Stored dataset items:
=== Section Start ===
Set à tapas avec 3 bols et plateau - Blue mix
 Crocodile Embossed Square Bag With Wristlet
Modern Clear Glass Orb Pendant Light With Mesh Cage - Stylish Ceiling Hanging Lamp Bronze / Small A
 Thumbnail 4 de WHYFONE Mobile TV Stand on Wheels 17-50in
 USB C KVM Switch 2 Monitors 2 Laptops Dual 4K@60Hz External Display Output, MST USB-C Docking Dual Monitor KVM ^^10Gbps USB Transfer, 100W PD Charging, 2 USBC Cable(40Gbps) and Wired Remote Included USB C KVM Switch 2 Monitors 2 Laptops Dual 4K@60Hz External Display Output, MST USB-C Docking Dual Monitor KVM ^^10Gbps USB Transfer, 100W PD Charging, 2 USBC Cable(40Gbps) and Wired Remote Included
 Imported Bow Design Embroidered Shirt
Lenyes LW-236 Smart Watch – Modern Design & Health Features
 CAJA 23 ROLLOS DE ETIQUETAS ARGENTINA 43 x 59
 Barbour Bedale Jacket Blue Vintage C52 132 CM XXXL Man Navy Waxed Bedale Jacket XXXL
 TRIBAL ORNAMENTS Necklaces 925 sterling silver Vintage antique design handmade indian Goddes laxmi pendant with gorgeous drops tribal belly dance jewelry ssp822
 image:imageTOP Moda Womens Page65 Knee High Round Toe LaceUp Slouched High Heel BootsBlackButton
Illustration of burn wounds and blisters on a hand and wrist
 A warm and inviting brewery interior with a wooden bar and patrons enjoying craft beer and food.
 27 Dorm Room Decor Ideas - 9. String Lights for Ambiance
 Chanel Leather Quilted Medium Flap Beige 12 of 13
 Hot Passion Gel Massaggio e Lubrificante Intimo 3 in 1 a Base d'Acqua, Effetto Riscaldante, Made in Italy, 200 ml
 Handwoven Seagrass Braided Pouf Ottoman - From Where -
=== Section End ===
WHAT YOU NEED TO DO:
Beginning at the line that holds "TRIBAL ORNAMENTS Necklaces", write out word for word each line through the end of the records.

YOUR SOLUTION:
 TRIBAL ORNAMENTS Necklaces 925 sterling silver Vintage antique design handmade indian Goddes laxmi pendant with gorgeous drops tribal belly dance jewelry ssp822
 image:imageTOP Moda Womens Page65 Knee High Round Toe LaceUp Slouched High Heel BootsBlackButton
Illustration of burn wounds and blisters on a hand and wrist
 A warm and inviting brewery interior with a wooden bar and patrons enjoying craft beer and food.
 27 Dorm Room Decor Ideas - 9. String Lights for Ambiance
 Chanel Leather Quilted Medium Flap Beige 12 of 13
 Hot Passion Gel Massaggio e Lubrificante Intimo 3 in 1 a Base d'Acqua, Effetto Riscaldante, Made in Italy, 200 ml
 Handwoven Seagrass Braided Pouf Ottoman - From Where -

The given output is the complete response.